(Data shown Opens)
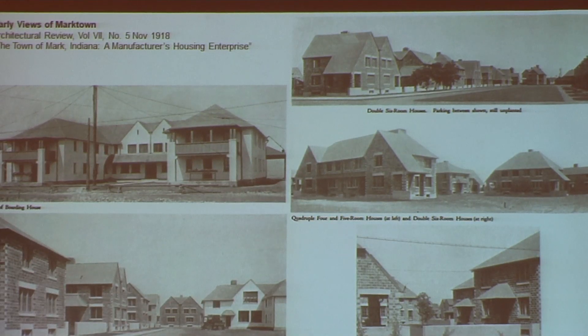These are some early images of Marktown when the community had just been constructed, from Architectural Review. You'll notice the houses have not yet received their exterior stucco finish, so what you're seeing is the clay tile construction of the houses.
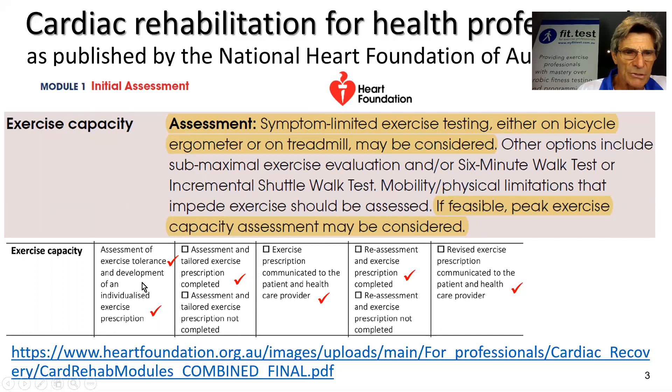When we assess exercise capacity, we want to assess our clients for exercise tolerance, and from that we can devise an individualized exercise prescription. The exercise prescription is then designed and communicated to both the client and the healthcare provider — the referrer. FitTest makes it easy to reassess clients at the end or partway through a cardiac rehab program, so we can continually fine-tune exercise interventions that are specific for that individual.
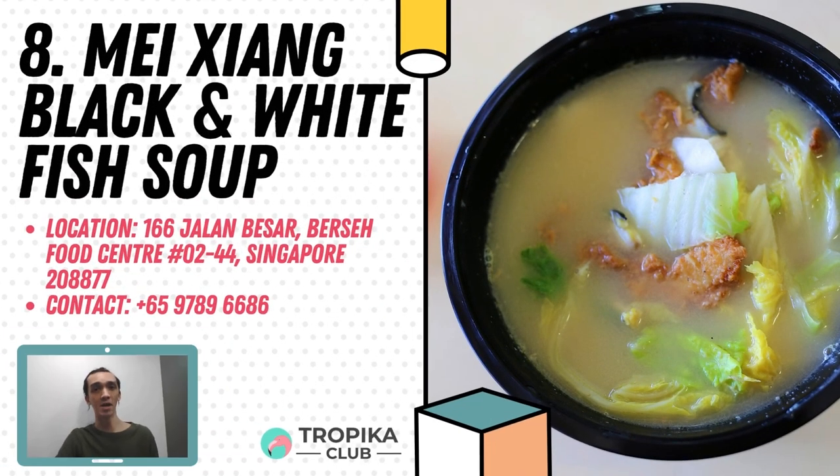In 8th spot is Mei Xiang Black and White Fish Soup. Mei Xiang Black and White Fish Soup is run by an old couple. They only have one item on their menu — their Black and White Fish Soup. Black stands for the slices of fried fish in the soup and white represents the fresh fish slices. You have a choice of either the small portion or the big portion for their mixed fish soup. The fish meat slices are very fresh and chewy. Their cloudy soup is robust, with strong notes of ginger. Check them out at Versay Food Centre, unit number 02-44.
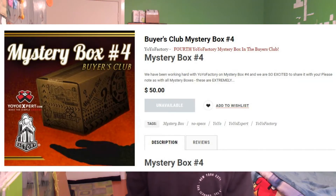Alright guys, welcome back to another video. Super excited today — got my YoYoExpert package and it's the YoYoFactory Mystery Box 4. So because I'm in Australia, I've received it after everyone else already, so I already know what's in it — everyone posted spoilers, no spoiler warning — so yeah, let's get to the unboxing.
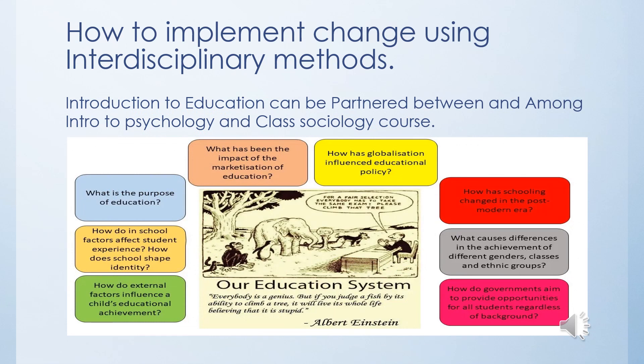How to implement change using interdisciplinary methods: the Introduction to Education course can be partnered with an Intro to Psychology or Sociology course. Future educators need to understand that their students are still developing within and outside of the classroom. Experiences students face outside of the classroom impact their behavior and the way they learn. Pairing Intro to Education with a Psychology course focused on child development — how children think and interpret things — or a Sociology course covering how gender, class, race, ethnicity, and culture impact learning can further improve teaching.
(Data shown Closes)
(Data shown Opens)
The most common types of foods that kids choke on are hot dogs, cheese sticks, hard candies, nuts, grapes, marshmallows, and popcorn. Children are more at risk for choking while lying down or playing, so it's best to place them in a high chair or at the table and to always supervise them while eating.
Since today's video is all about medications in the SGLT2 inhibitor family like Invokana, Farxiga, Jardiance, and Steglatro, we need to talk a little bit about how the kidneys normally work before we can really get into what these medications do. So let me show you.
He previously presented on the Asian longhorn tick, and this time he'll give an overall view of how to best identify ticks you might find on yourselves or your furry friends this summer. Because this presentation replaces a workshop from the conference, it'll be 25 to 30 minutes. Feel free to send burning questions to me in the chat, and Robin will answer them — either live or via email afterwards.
(Data shown Closes)
Task statement
Your answer should consist of the lines from the line with "The most common" to the line with "He previously presented" above, repeated exactly, both ends included.

Result of this task
The most common types of foods that kids choke on are hot dogs, cheese sticks, hard candies, nuts, grapes, marshmallows, and popcorn. Children are more at risk for choking while lying down or playing, so it's best to place them in a high chair or at the table and to always supervise them while eating.
Since today's video is all about medications in the SGLT2 inhibitor family like Invokana, Farxiga, Jardiance, and Steglatro, we need to talk a little bit about how the kidneys normally work before we can really get into what these medications do. So let me show you.
He previously presented on the Asian longhorn tick, and this time he'll give an overall view of how to best identify ticks you might find on yourselves or your furry friends this summer. Because this presentation replaces a workshop from the conference, it'll be 25 to 30 minutes. Feel free to send burning questions to me in the chat, and Robin will answer them — either live or via email afterwards.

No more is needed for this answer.